Reproduce the line with "I just added" and everything after it in the listing below, exactly, both ends included. No pictures.

• Given information:
• • • • •
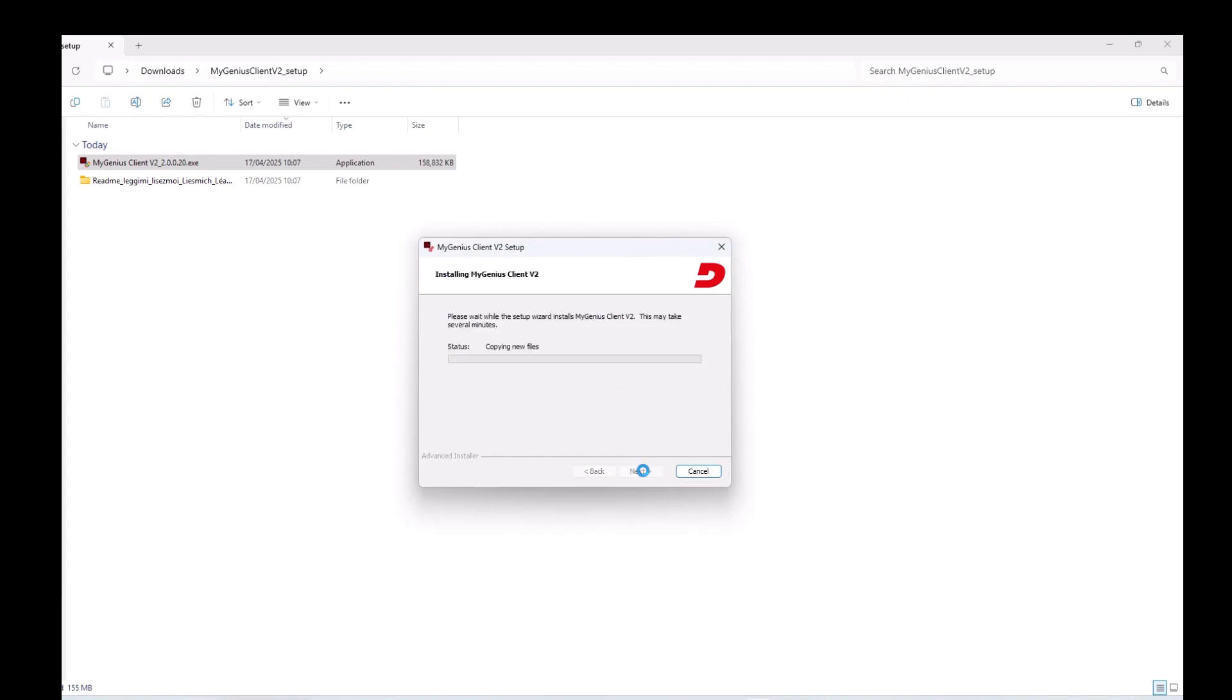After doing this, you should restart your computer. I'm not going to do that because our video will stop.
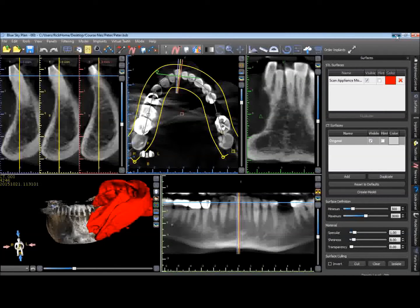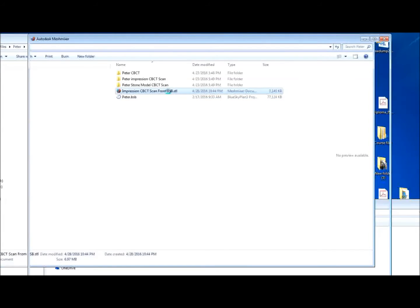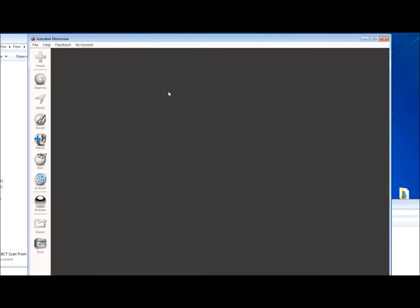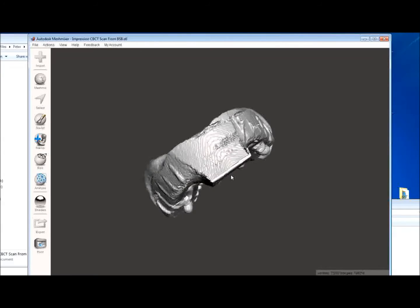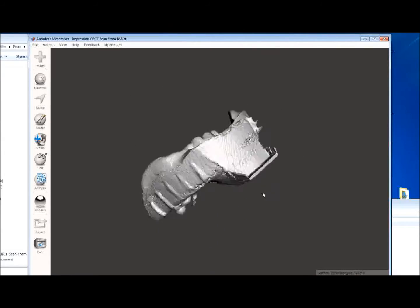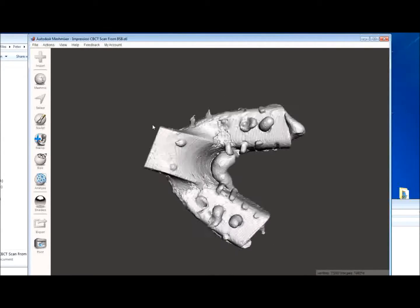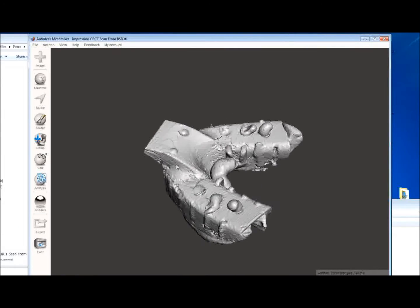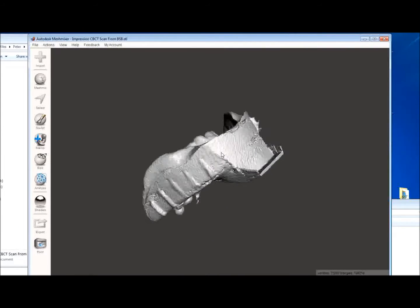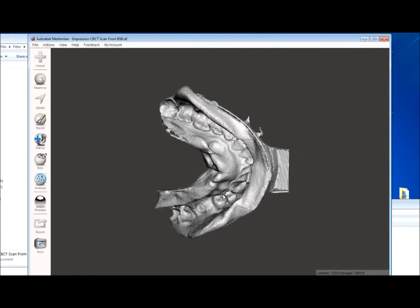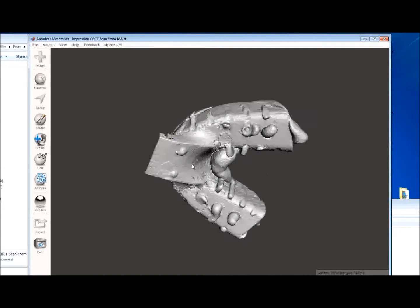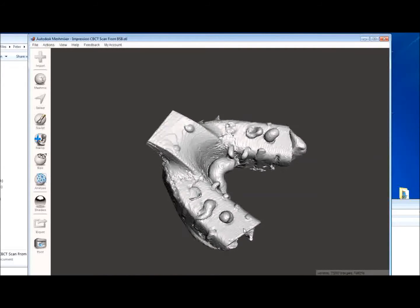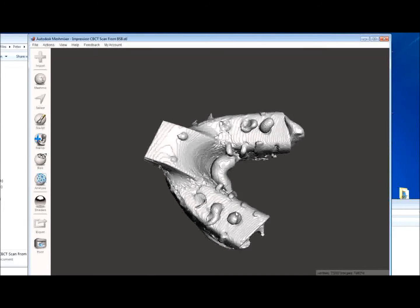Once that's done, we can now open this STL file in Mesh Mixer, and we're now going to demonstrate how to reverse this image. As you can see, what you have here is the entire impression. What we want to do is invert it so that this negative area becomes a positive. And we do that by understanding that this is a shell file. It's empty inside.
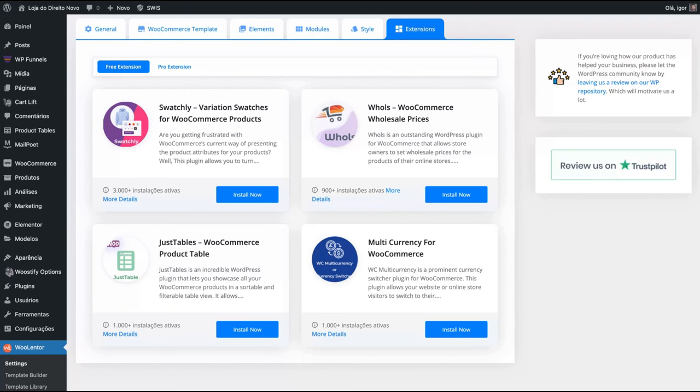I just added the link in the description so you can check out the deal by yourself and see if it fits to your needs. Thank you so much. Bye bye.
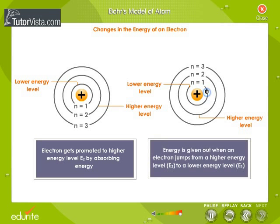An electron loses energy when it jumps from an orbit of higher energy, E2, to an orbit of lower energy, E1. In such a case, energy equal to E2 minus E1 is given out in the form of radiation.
• • • • •
• Response area:
I just added the link in the description so you can check out the deal by yourself and see if it fits to your needs. Thank you so much. Bye bye.
An electron loses energy when it jumps from an orbit of higher energy, E2, to an orbit of lower energy, E1. In such a case, energy equal to E2 minus E1 is given out in the form of radiation.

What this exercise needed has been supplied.